UN RAPPORT « BIDONNÉ ET CAVIARDÉ »
Depuis, la bataille judiciaire fait rage pour tirer les responsabilités dans un sens ou dans l’autre. Airbus insiste sur les fautes de l’équipage du Rio-Paris. Tandis que les syndicats de pilotes, Air France et les familles des victimes mettent au contraire l’accent sur les nombreux dysfonctionnements pointés dans les précédents rapports. Les sondes n’ont pas été changées, alors que leurs défauts étaient connus depuis longtemps et que de nombreux incidents similaires de givrage se sont produits avant le crash. Les procédures à respecter par l’équipage en cas de givrage des sondes n’étaient pas adaptées (ce que conteste la contre-expertise) et ont été modifiées après l’accident. Les pilotes n’étaient pas suffisamment formés à affronter cette situation. Et ils ont pu être induits en erreur par certains systèmes de l’Airbus A330. Le rapport d’expertise judiciaire de 2012 insistait davantage sur ces facteurs structurels, tout en pointant les facteurs humains. La contre-expertise fait l’appréciation exactement inverse.

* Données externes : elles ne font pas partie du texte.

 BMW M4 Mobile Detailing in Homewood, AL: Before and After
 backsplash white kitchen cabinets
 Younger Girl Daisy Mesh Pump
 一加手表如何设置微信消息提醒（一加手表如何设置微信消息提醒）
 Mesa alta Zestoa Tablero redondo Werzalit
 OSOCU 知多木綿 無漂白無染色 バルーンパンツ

Joint par Libération, un proche d’Airbus assure ne pas avoir eu le rapport entre les mains, et se refuse donc à tout commentaire. De son côté, « Air France est peinée par ces fuites qui semblent révéler une lecture simpliste des causes de cet accident », indique-t-on au siège. La compagnie insiste sur le fait que une le crash est une « combinaison de plusieurs facteurs - techniques et humains », et estime que « cette contre-expertise n’apporte guère d’éléments nouveaux par rapport à l’expertise judiciaire initiale et aux conclusions du rapport définitif du BEA. »

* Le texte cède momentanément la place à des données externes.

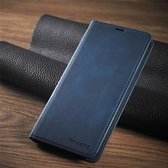 BukkitBow - Leather Case - Kunstleer - Card Case - Hoesje voor iPhone 12 Pro Max – Blauw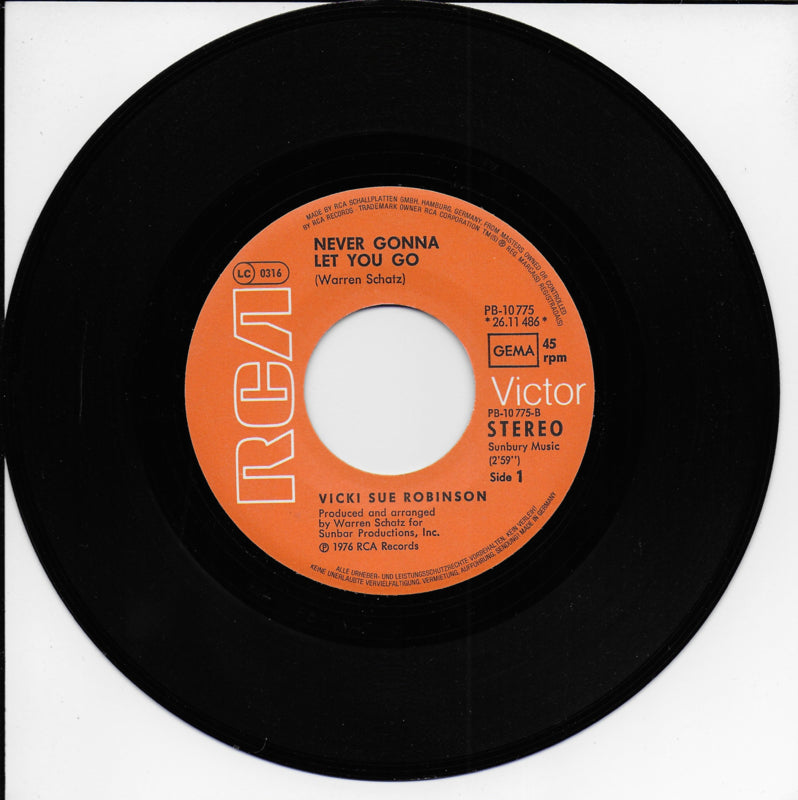Vicki Sue Robinson - Never gonna let you go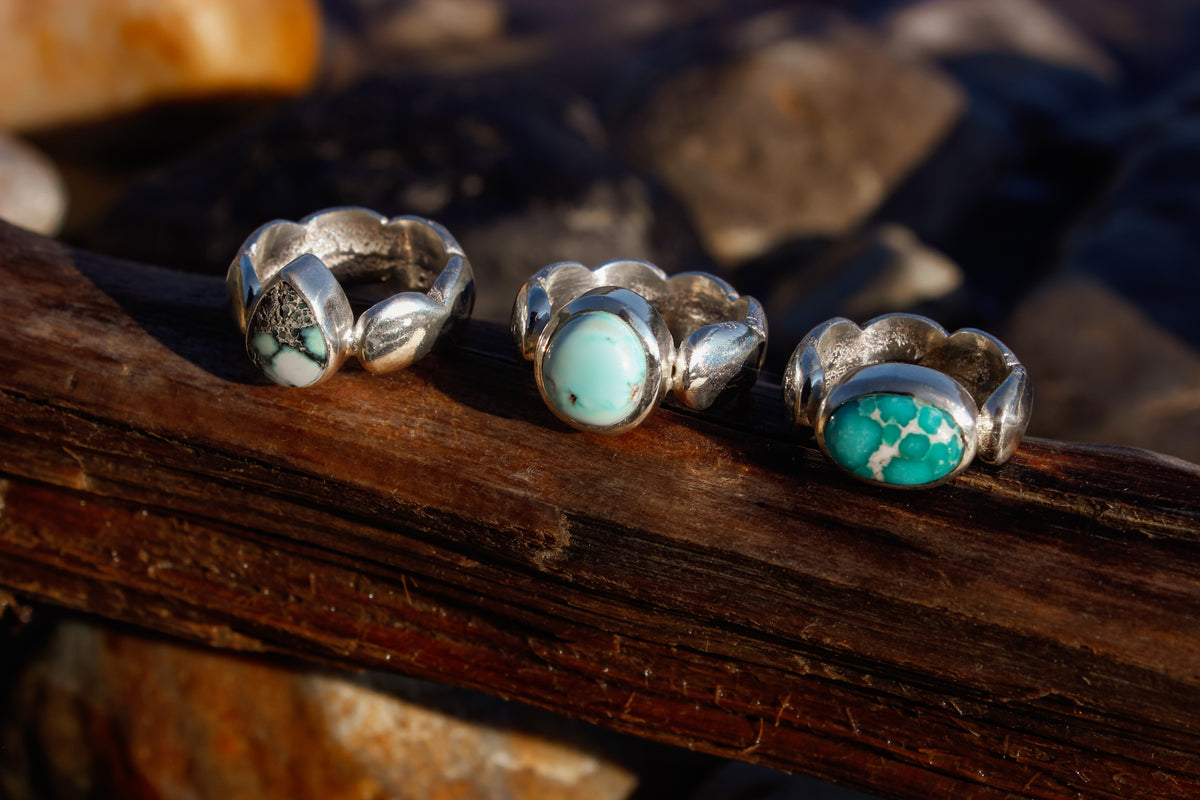 Size 9.5 Lone Mountain Turquoise Cloud Ring
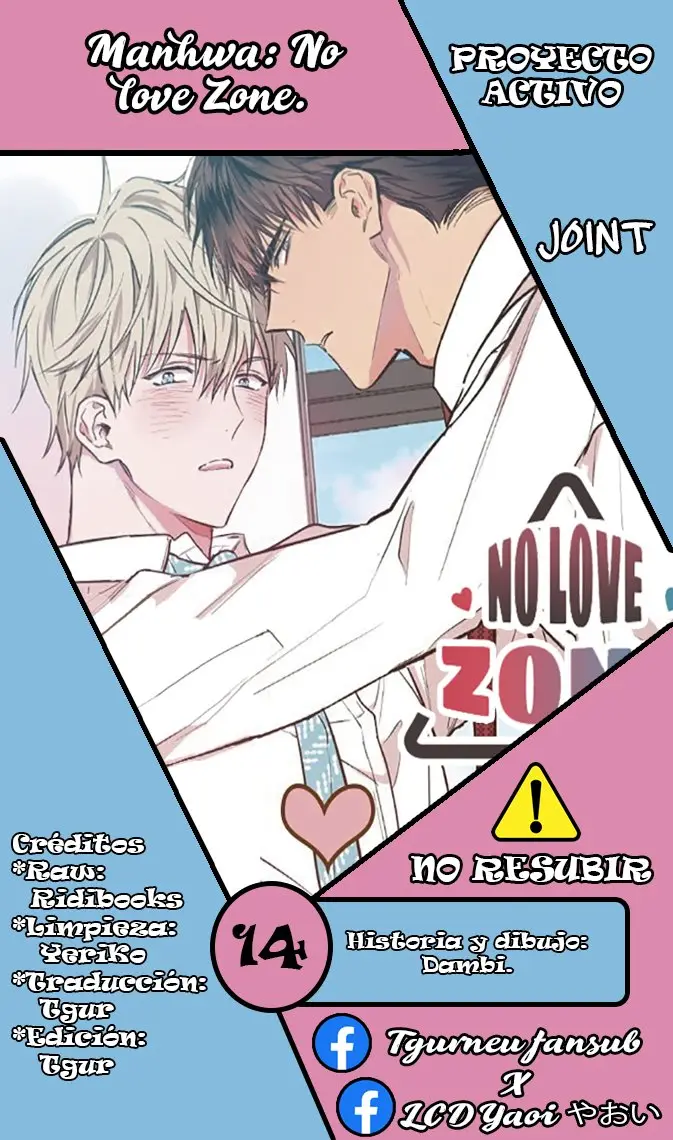 NO LOVE ZONE - Capítulo 14 - Página 1 - LectorTMOo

Ce nouveau rapport a provoqué de vives réactions des parties civiles. « Il est bidonné et caviardé en faveur d’Airbus. Les contre-experts ont décidé de faire porter le chapeau aux pilotes sans creuser les causes amont. Ces conclusions portent en germe la prochaine catastrophe », dénonce Gérard Arnoux, ancien pilote d’Air France et porte-parole des victimes brésiliennes. « Le fait que les facteurs humains ont contribué à l’accident n’est pas une découverte. Mais les éléments reprochés à Air France et à Airbus y ont également contribué. Cette contre-expertise ne clôt pas du tout le débat judiciaire sur les responsabilités des deux entreprises », estime Stéphane Gicquel, président de la Fédération nationale des victimes d’accidents collectifs (Fenvac).

La contre-expertise est l’un des derniers éléments de l’enquête judiciaire. L’instruction approche donc de sa fin , même si les parties à l’enquête ont un délai pour faire des observations sur le rapport, et peuvent par la suite lancer des recours de procédure. Reste à savoir si la juge Zimmermann décidera, au finale, de renvoyer Airbus et Air France devant un tribunal. En attendant, elle recevra les parties civiles le 2 juillet en présence des contre-experts.